Klimasünder Nummer eins in Österreich ist der Verkehrsbereich. Seit Jahren steigen die Emissionen in diesem Bereich ohne Aussicht auf sinnvolle Maßnahmen. "Angesichts der Tatsache, dass die aktuell niedrigen Erdölpreise Gift für die Umsetzung der Energiewende sind, sollten wir auch in Österreich Modelle andenken, in denen die Mineralölsteuer ,atmet', also sich bei sinkendem Marktpreis der Steueranteil erhöht und umgekehrt", empfiehlt Maier. Die höheren Steuern bei Preisrückgängen können damit durch den Staat abgeschöpft bzw. Preisanstiege im Markt abgepuffert werden. In Deutschland wird ein derartiges Modell bereits intensiv diskutiert.
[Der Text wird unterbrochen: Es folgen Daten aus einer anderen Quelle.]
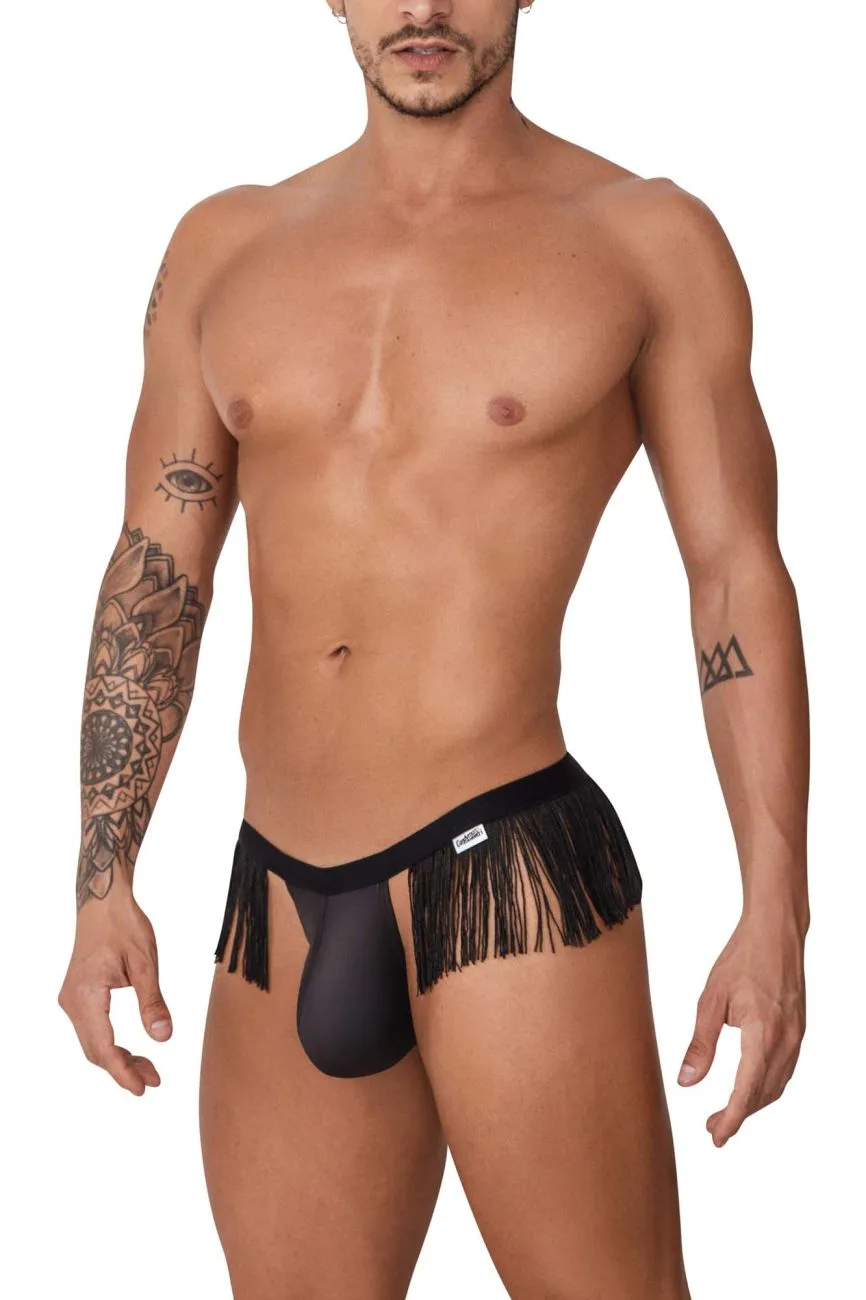 Bekleidung_Candyman_Herrenunterwäsche CandyMan 99754 Fransen Tangas Farbe Schwarz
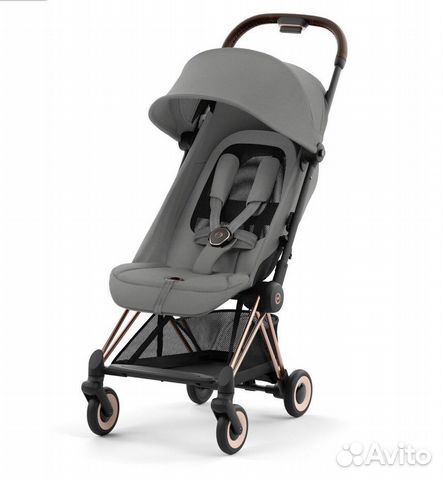 Коляска cybex coya Mirage Grey (Rosegold Frame)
Als Ausgleich zur Abschaffung des Dieselprivilegs und zur Erhöhung der Steuersätze müssen der Bevölkerung jedoch Alternativen angeboten werden. Eine längst realisierbare Maßnahme wäre endlich die Einführung eines Österreich-Tickets, einer Jahreskarte für alle öffentlichen Verkehrsmittel in Österreich. "Bundeskanzler Kern hat bereits angemerkt, dass er im Energiebereich Akzente setzen möchte. Die Umsetzung des Österreich-Tickets wäre eine klare Ansage, mit der die Bundesregierung die Ernsthaftigkeit ihres klima- und energiepolitischen Engagements unter Beweis stellen könnte", so Maier.

TIME TO ACT- es ist genug geredet worden. Mehr ist dazu eigentlich nicht zu sagen.